As many of you are well aware, the past year or so has been a period of rejuvenation for atheism. Four big selling books, by Dawkins, Hitchens, Dennett and Harris have made a splash, and, I think, caught some evangelicals napping. Not so Douglas Wilson, who among other things is Head of a Christian college that focuses on “the lost tools of learning,” and the editor of the respected Credenda/Agenda magazine. His new book, Letter from a Christian Citizen responds to the similarly titled atheist tirade of Sam Harris, Letter to a Christian Nation.
Wilson’s book, like all his work, is interesting, fun to read, and incisive. He is one of the very best writers out there today, and Letter from a Christian Citizen is one of the year’s most worthwhile books. It begins with a valuable “Foreword” from Gary DeMar about the pretensions of “new” atheism and the latest assault it has launched upon truly free-thinking people (meaning anyone who may want to disagree with it).

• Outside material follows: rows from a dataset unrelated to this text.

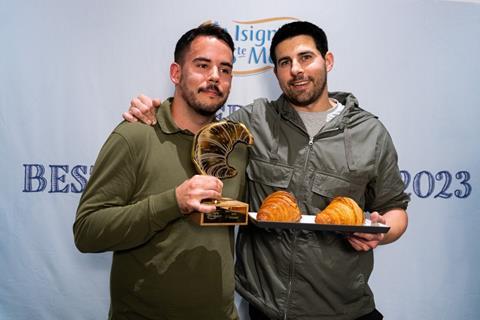 Two dark haired men holding a croissant-shaped trophy and a tray of freshly baked croissants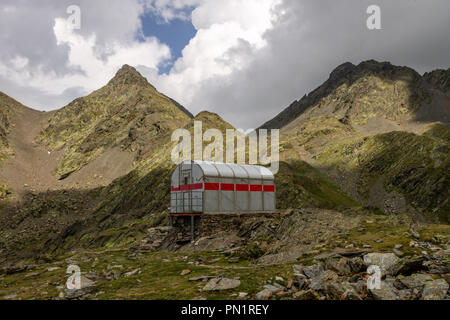 Un petit refuge de montagne en acier se trouve en face de deux sommets. Banque D'Images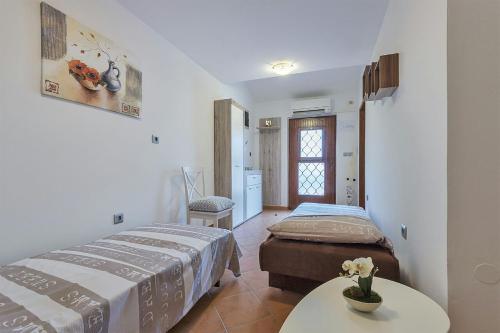Postel nebo postele na pokoji v ubytování Apartments Monte Grande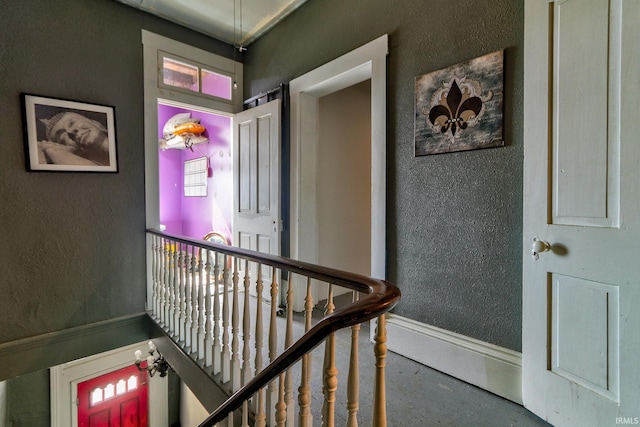 corridor with an upstairs landing, baseboards, and a textured wall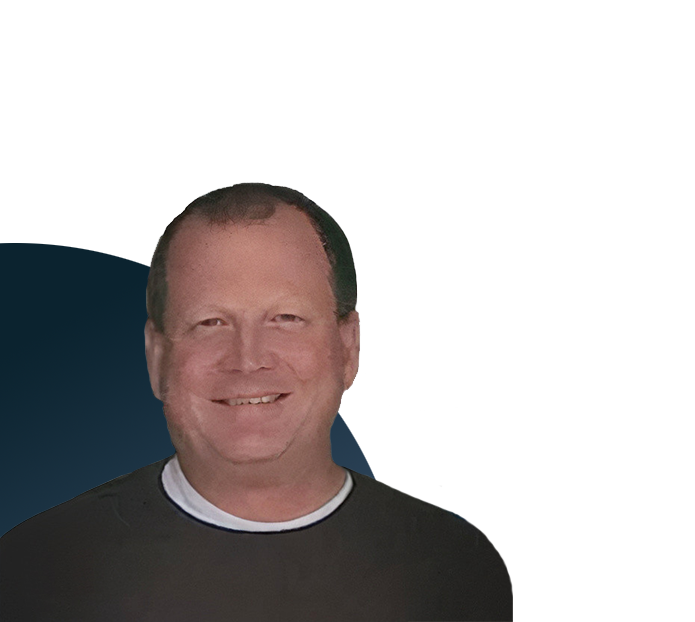 Ryan Wick from Exostar, headshot, smiling at the camera, white background.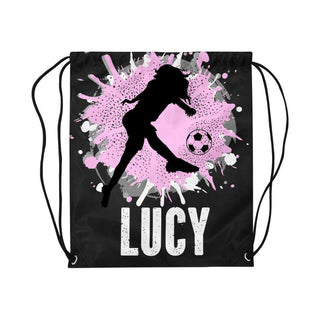 a drawsack bag with a girl kicking a soccer ball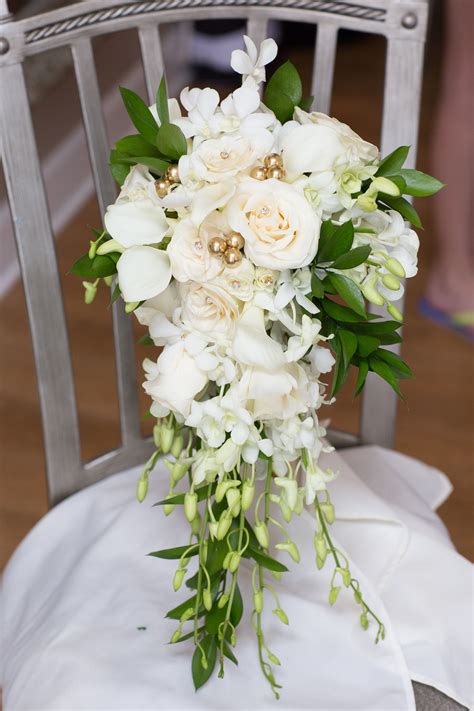 Calla lilies with roses and orchids in a cascade bouquet. Bride bouquet with gold assents ...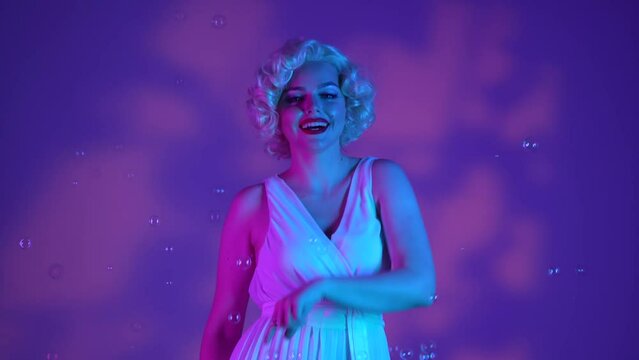 Woman dancing surrounded by soap bubbles, sending air kisses. Woman in the image of on a pink background with highlights, in a studio illuminated with pink and green neon light.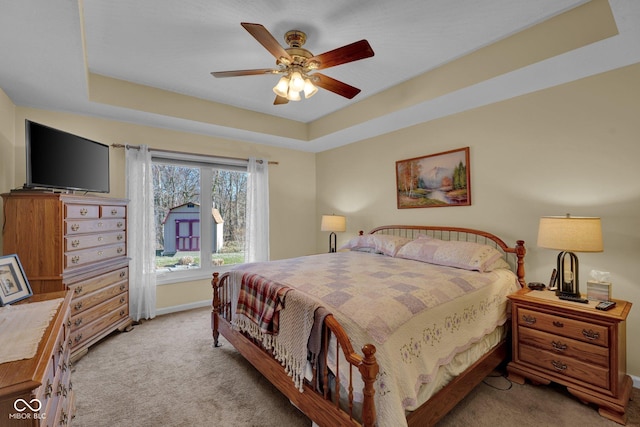 carpeted bedroom with baseboards, a raised ceiling, and ceiling fan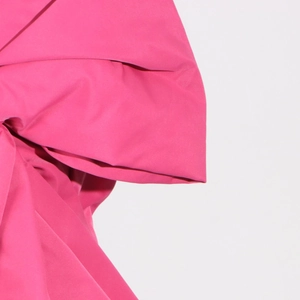 Detail shot of a bright fuchsia bow decoration showing premium woven fabric and texture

When Wilson enters the fray he does so cordially, thanking Harris for “setting your thoughts down so plainly.” (3). He explains that the acerbic attacks Harris has received from some Christians is not a sign of a general ill-will among believers (4-5), but then skillfully uses Harris’s characterizations of these church-goers to cut through the atheist’s unreasoned assumptions. “I am genuinely curious as what you can possibly offer as a basis for these judgments” he quips (6). After all, if the atheist version of the world corresponds with reality, what is Harris doing making moral judgments of other biochemically-driven systems? The ethics of the thing isn’t even on the table! As Wilson points out, “In order to demolish something intellectually, you have to have a standard for thought and reason” (8), and this standard extends (if one is to have any hope of a coherent worldview) into the realm of morality also (9, 40, 99). Hectoring believers with epithets and speaking patronizingly at them when one is standing on the equivalent of epistemological Balsawood is stock-in-trade for atheism. But when anyone dares ask for the fulcrum upon which the high-sounding appeals to “science” and “reason” turn all one hears is the crickets chirping outside.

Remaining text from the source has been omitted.